Тогда почему вещь со сколь угодно (в пределе – бесконечно) неопределённым «что» и, следовательно, со сколь угодно неопределённым Бытием не может быть определена в качестве Ничто? Почему Бытие вовсе не есть определением Ничто? Притом здесь важно, что, возможно, и определяя Ничто сущностно, через логический предел (у Гегеля), Бытие никак не в силах определить его по смыслу, т.е. как культурную утопию и жизненную сверх-задачу. И ведь из этой невозможности определить Ничто из его существования, точнее, наличия, еще не следует невозможность вообще хоть как-то определить его. Отсюда проистекает лишь недостаточность указания на «что» как критерия Бытия, а значит, и отсутствие «что» не может быть единственным критерием наличия Ничто. Однако все остальные их критерии (такие, как идеальность, всеобщность, сознаваемость и т.д.) образуют вместе с указанным определённое поле смыслов, благодаря которому, говоря о Ничто, мы заведомо понимаем о чём идёт речь. То есть, в смысловом поле Ничто оно, это же точно Ничто, обладает неким приобретённым, привнесённым «что», позволяющим мыслить о нём и мыслить его. Однако, даже приобретя «что» нашей мысли, это наше чтоющее Ничто продолжает оставаться Ничто. Так, словно собственно Ничто делегировало в своё «что» не всего себя.
Если присутствие не-«что» и отсутствие «что» не являются безусловными критериями для определения Ничто, тогда ничтойно ли оно? Если предметна лишь мысль о Ничто, тогда беспредметно ли Ничто? Дело в том, что если Ничто есть «вообще ничего», то в таком разе оно не может быть и Ничто! Значит, Ничто – это особенное «что», которое на самом деле есть «в общем-то, ничего». И вот эта общность Ничто связывает его с Одно, намекая на хрупкое равновесие между «что» мысли о Ничто и не-«что» из того, что определяется в качестве Ничто. Ясно, что тогда Одно такого Ничто есть многое.

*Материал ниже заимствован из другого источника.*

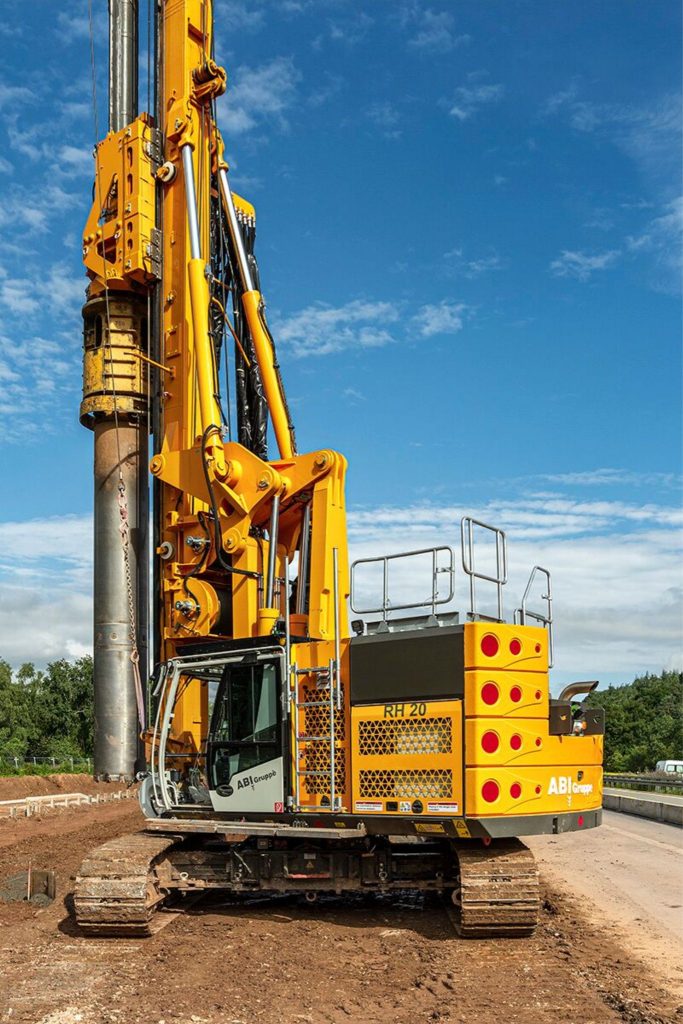 Delmag RH 20 rotary drill rig in yellow finish on a job site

Таким образом, Ничто при каждом своём определении не стоит в стороне, а стоит ровно на той меже, на той заставе, что связывает область существования и область разнообразия, не склоняясь при этом ни в ту, ни в другую сторону. Именно там находит Ничто наша мысль о нём. Ничто нельзя обнаружить ни без «что» нашей мысли о нём, ни без не-«что» его негативных определений. Оно всегда одновременно и то, и другое. Мы называли «есть» самой фундаментальной связью нашего человеческого мира. Но и Ничто – так же есть не что иное, как подобная же связь – связь между ничтойностью и предметностью.
Очень важно осознавать при всём этом глубокое отличие «что» вещи от предмета мысли о ней (не о предмете). Предметом вещь становится при ее помышлении. Тогда как «что» вещи возникает при простом, даже случайном, необдуманном, ложном, мнимом, указании на неё, что само по себе может и не быть связано с ее помышлением. Отсюда «что» ближе к Ничто, так как независимо от мышления, тогда предмет характеризует лишь наше мышление о Ничто, мышление, которое может быть весьма разнообразным и неоднозначным, в отличие от «что» конкретной вещи. И вот Ничто может стать связью между ничтойностью и предметностью только в том случае, если оно само выражается некой абсолютной беспредметностью. Последнее есть выражение смысла Ничто, поскольку заведомо ставит под вопрос любую мысль о Ничто. А смысл Ничто как раз и есть абсолютное сомнение в любом его «что». Но как Ничто есть особенное «что», так и смысл Ничто есть особенное сомнение. Их особенность в том, что только Одно из определяющих Ничто «что» и только Одно из выражающих смысл Ничто сомнений в этих «что» существуют на самом деле. Но каковы они, мы знать не можем. Мы не знаем определённо, каково на самом деле Одно такого Ничто. Впрочем, нас на первых порах вполне удовлетворяет то, что оно у него вообще и в принципе есть.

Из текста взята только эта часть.